[Information given]
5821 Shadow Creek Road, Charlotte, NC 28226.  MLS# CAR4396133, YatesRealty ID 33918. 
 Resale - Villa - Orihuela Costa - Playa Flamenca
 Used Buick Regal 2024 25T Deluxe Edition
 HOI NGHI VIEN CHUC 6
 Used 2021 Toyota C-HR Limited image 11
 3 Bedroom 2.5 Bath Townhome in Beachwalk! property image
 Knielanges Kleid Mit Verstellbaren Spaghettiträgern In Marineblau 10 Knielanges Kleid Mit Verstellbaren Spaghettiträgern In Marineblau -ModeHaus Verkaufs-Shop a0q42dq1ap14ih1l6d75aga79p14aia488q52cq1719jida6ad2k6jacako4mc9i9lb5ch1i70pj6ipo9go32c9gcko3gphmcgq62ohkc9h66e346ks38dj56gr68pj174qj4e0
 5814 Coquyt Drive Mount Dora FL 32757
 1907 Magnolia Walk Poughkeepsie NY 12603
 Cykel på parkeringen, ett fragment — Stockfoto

[What is required] Nothing is to be left out when the listing is copied, and every line must match exactly.

[Exercise output]
5821 Shadow Creek Road, Charlotte, NC 28226.  MLS# CAR4396133, YatesRealty ID 33918. 
 Resale - Villa - Orihuela Costa - Playa Flamenca
 Used Buick Regal 2024 25T Deluxe Edition
 HOI NGHI VIEN CHUC 6
 Used 2021 Toyota C-HR Limited image 11
 3 Bedroom 2.5 Bath Townhome in Beachwalk! property image
 Knielanges Kleid Mit Verstellbaren Spaghettiträgern In Marineblau 10 Knielanges Kleid Mit Verstellbaren Spaghettiträgern In Marineblau -ModeHaus Verkaufs-Shop a0q42dq1ap14ih1l6d75aga79p14aia488q52cq1719jida6ad2k6jacako4mc9i9lb5ch1i70pj6ipo9go32c9gcko3gphmcgq62ohkc9h66e346ks38dj56gr68pj174qj4e0
 5814 Coquyt Drive Mount Dora FL 32757
 1907 Magnolia Walk Poughkeepsie NY 12603
 Cykel på parkeringen, ett fragment — Stockfoto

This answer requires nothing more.